Not all traffic that arrives in Google Analytics is real traffic. Fake traffic through referrer spam falsifies your access figures. In order to get a clean statistic from Google Analytics, it is important to get rid of these uninvited visits as soon as possible. We show which filters can be used to stop spam in Google Analytics!
What is fake traffic through referrer spam?
This is not a real website visit. It is often shown in the Analytics reports as a referrer, e.g. 4webmasters.org, but it can also be shown as a search term, a page or as a direct access.
Inquiries are repeatedly created (possibly with an automatic script) so that this link is displayed in reports and logs for these websites.
How is a referrer passed?
A referrer is a designation that is transferred when a browser switches from one website to another website (using an http header) to indicate where the user is coming from.
What is the goal of the creator?
The goal of referrer spam is usually to generate traffic. People are naturally curious and want to know what is happening on their website. When looking at the reports, he is made curious and lured to the referral URL. Sometimes to advertise another website, sometimes to redirect the user to an online store or to install malware or Trojans.
These spammers hit thousands of Google Analytics accounts. So you can imagine the total amount of access that is generated with this method.
How is the spam generated?
Spammers usually use 2 methods : ghost spam or crawler spam.
To make this possible, the Measurement Protocol is used, which enables developers to send data directly to the Google Analytics server. All you need is a GA tracking ID, the rest is almost done by itself. Usually the tracking IDs are generated randomly. An automated script is then used to send fake data to the reports.
e.g. semalt.com, buttons-for-website.com, best-seo-solution.com
A web crawler is an internet bot that browses web pages, usually to do web indexing. Like Google Bots, which read pages and indexes so that they can be found in organic search; these are useful crawlers.
A crawler spam also surfs over websites but for a different purpose, as already described above. This crawler ignores all rules such as robots.txt, which are suggested to prevent certain areas from being crawled.
What is the difference between Ghost and Crawler Spam?
Crawler Spam is actually paying your website a visit. Ghost Spam use a fake hostname because it is not known beforehand whose website is hit.
How can I recognize referrer spam?
Check referral hostname
Ghost Spam has a host name that does not belong to its own website section, as the creator does not know who he is meeting with this method.
The actual host name cannot be seen on the screenshot as it is not even listed in the top 8.
How do I stop Google Analytics spam?
With the following 2 filters you can stop almost all spam access in Google Analytics:
- A host name filter that filters all ghost spam in Google Analytics (referral, organic or fake direct access)

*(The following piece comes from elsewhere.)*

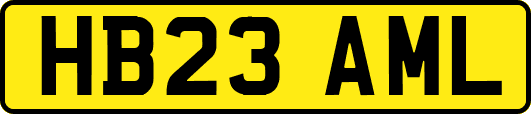 HB23AML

- A campaign source filter with a regular expression that filters all known crawler spam.
How do I create the hostname filter?
It is important to make a list of all valid hostnames so that no legal traffic is lost.

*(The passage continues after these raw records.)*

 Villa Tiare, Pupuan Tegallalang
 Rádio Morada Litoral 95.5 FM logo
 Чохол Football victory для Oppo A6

In case of doubt there is still the raw data view without any filtering.
Our tip : Always create a raw data view without any filtering of each property . Once you apply filters in the data view, the excluded data is lost forever.
- Go to target group / technology / provider in Google Analytics and select the “Hostname” tab
- There you will see a list of hosts like in this example:Hostname
- Find all the hostnames belonging to your website.
In this example it’s only the 7th entry (it’s a single blog page).
There may also be other pages on which the same tracking ID has also been integrated, e.g. on third-party pages for the shopping cart or the payment process.
If you have many visitors from different countries who use a translation service, then these will also appear as valid host names.
These are for example translate.googleusercontent.com (Google Translate), webcache.googleusercontent.com (Google’s cached website version), translateservice.com, and web.archive.org (the Internet archive)
All other hostnames that you do not know from your own website environment are not valid. Beware of familiar names such as google.com or amazon.com (spammers use these names to deceive users), even if the host name is “not set”.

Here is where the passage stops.